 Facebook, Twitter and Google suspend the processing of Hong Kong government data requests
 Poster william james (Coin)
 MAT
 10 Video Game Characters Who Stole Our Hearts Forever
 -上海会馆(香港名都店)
...
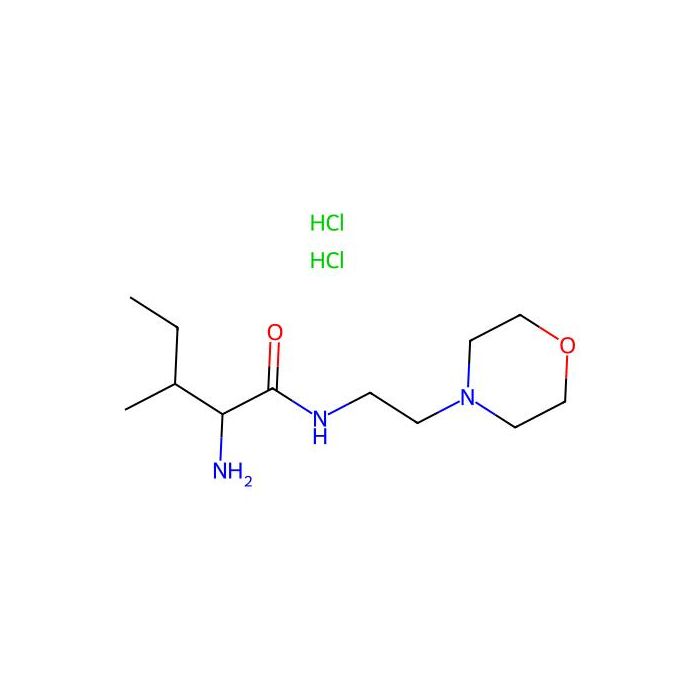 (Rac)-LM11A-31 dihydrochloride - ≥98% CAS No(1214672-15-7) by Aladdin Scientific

| Problem description |
Everything from the line with "Poster william james (Coin)" through the line with "-上海会馆(香港名都店)" in the listing above must be retyped exactly, with nothing added.

| Answer to this problem |
 Poster william james (Coin)
 MAT
 10 Video Game Characters Who Stole Our Hearts Forever
 -上海会馆(香港名都店)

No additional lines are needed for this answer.